*WORK REQUEST*. Below this task are records; return each one exactly and omit its images.

*PROVIDED RECORDS*.
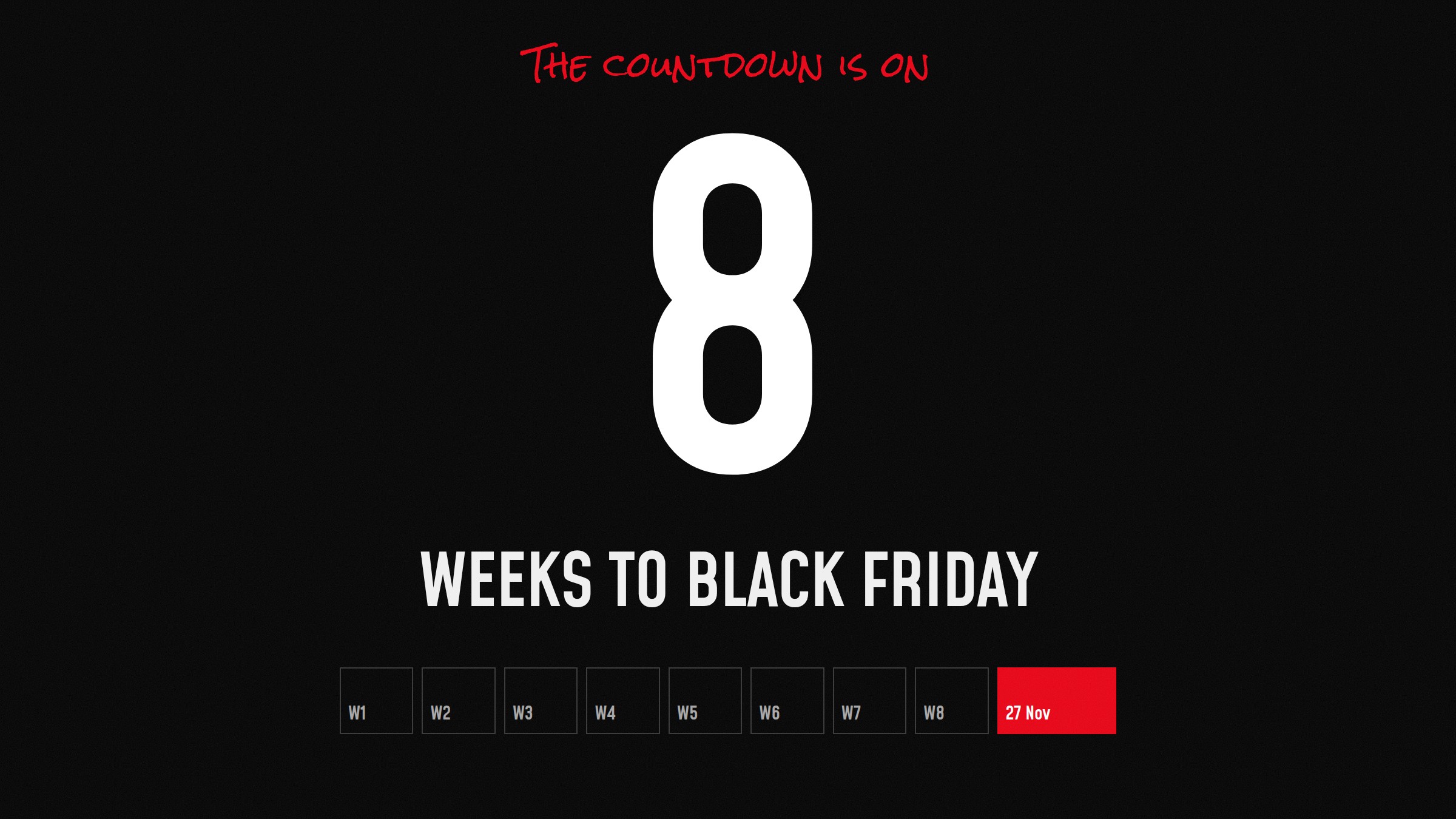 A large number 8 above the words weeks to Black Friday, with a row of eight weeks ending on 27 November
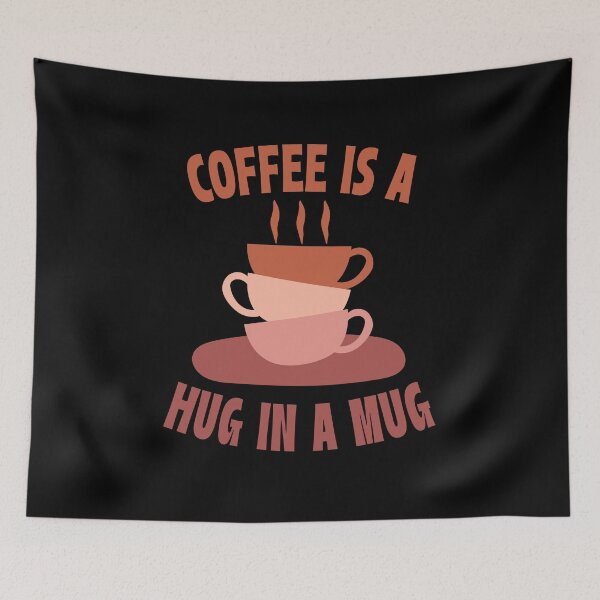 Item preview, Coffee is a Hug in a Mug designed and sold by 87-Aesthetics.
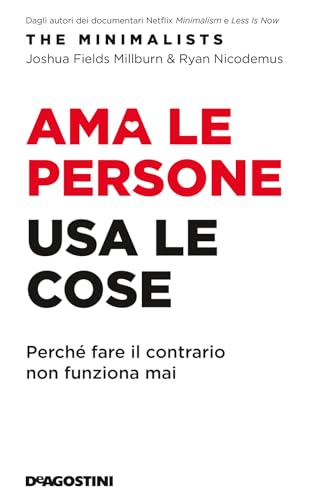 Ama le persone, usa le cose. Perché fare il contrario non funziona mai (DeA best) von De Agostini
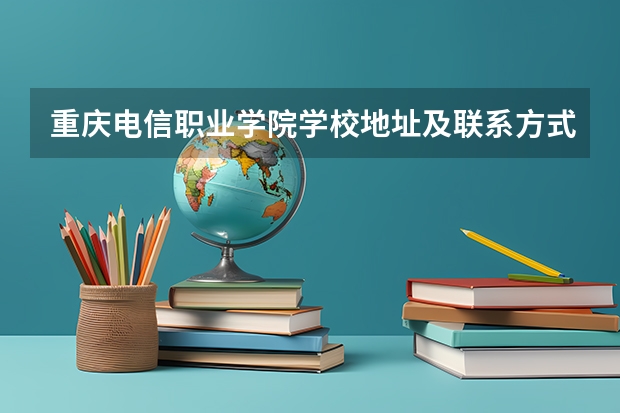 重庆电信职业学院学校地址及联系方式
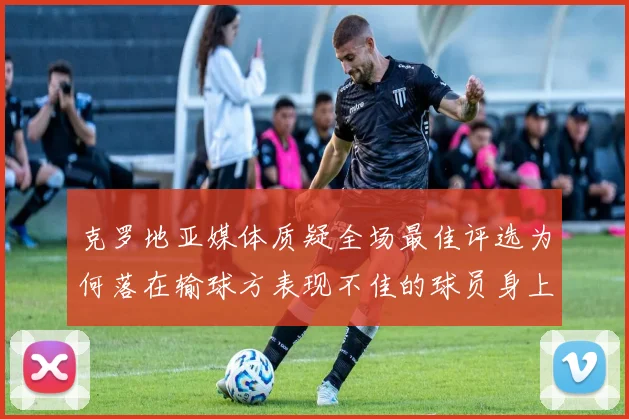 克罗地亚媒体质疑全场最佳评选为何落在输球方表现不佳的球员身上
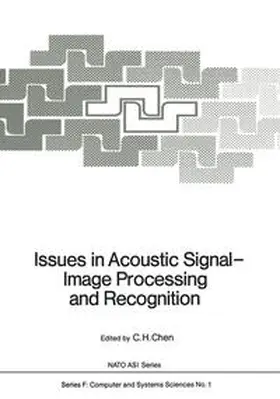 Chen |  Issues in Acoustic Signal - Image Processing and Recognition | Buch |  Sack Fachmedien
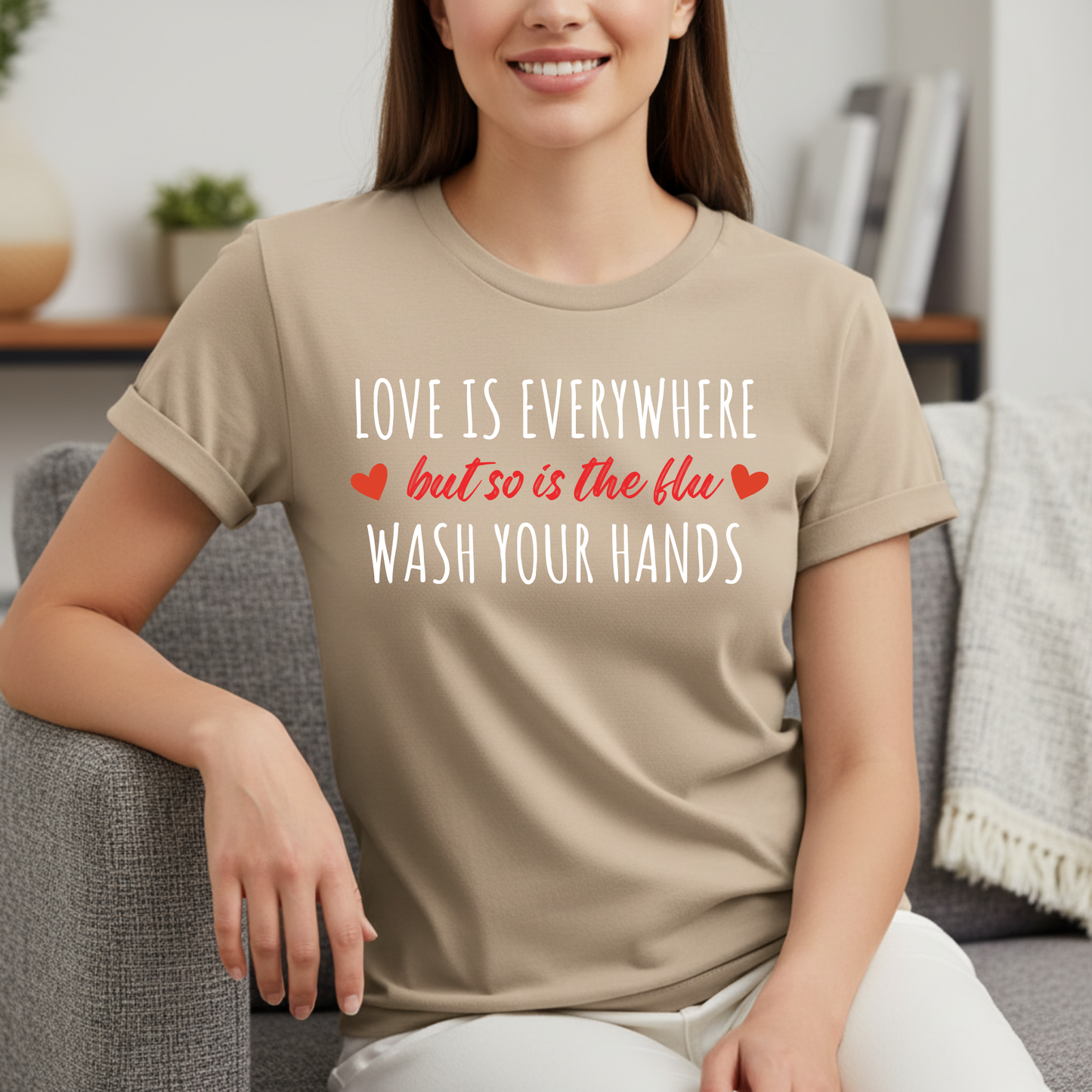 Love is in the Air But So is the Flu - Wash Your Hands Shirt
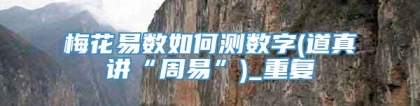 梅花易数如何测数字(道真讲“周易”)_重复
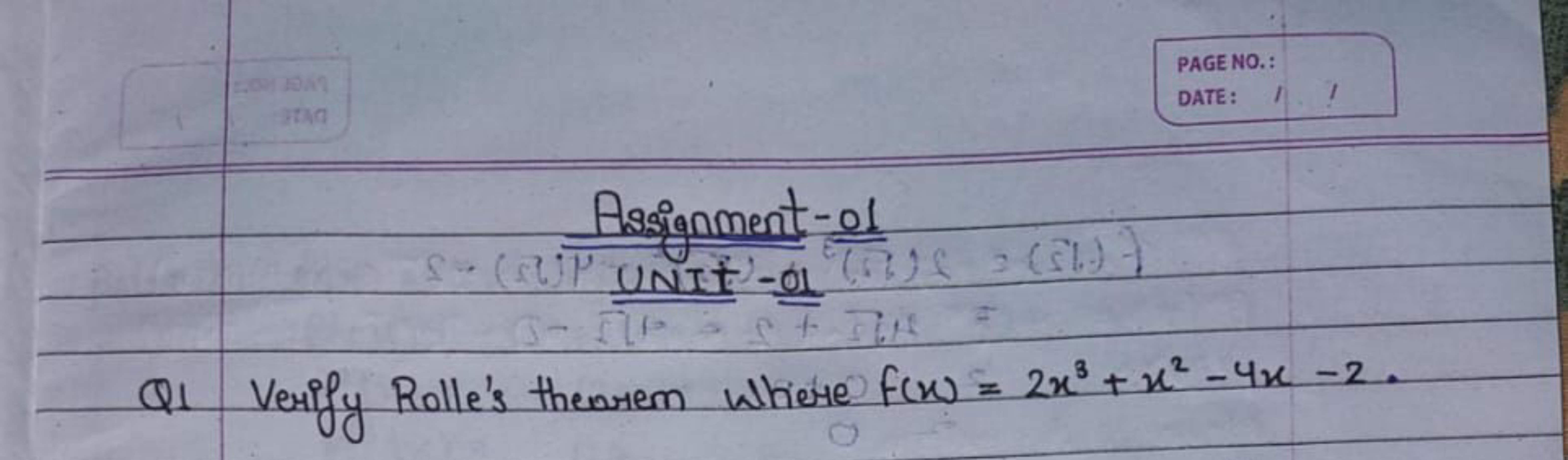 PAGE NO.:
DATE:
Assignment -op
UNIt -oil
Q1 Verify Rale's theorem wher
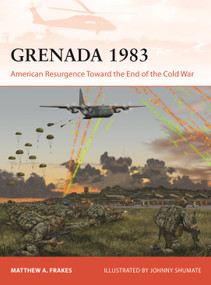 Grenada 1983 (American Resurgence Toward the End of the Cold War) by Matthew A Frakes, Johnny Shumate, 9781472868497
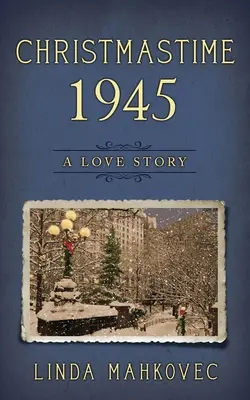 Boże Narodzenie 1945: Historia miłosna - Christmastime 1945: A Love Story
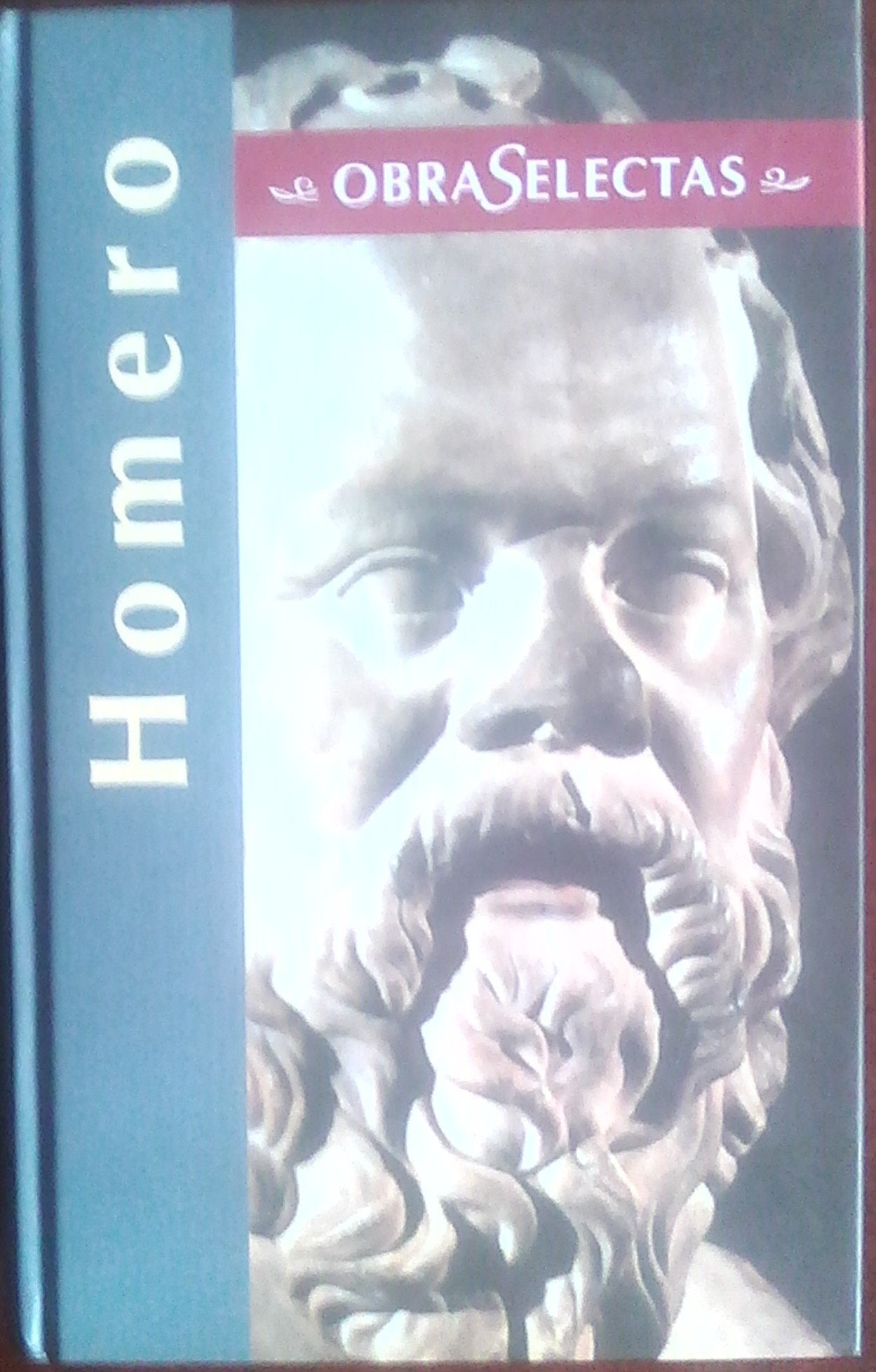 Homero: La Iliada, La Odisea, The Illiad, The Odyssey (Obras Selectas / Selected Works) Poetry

*OUTPUT*.
 A large number 8 above the words weeks to Black Friday, with a row of eight weeks ending on 27 November
 Item preview, Coffee is a Hug in a Mug designed and sold by 87-Aesthetics.
 Ama le persone, usa le cose. Perché fare il contrario non funziona mai (DeA best) von De Agostini
 重庆电信职业学院学校地址及联系方式
 克罗地亚媒体质疑全场最佳评选为何落在输球方表现不佳的球员身上
 Chen |  Issues in Acoustic Signal - Image Processing and Recognition | Buch |  Sack Fachmedien
 Love is in the Air But So is the Flu - Wash Your Hands Shirt
 梅花易数如何测数字(道真讲“周易”)_重复
 PAGE NO.:
DATE:
Assignment -op
UNIt -oil
Q1 Verify Rale's theorem wher
 Grenada 1983 (American Resurgence Toward the End of the Cold War) by Matthew A Frakes, Johnny Shumate, 9781472868497
 Boże Narodzenie 1945: Historia miłosna - Christmastime 1945: A Love Story
 Homero: La Iliada, La Odisea, The Illiad, The Odyssey (Obras Selectas / Selected Works) Poetry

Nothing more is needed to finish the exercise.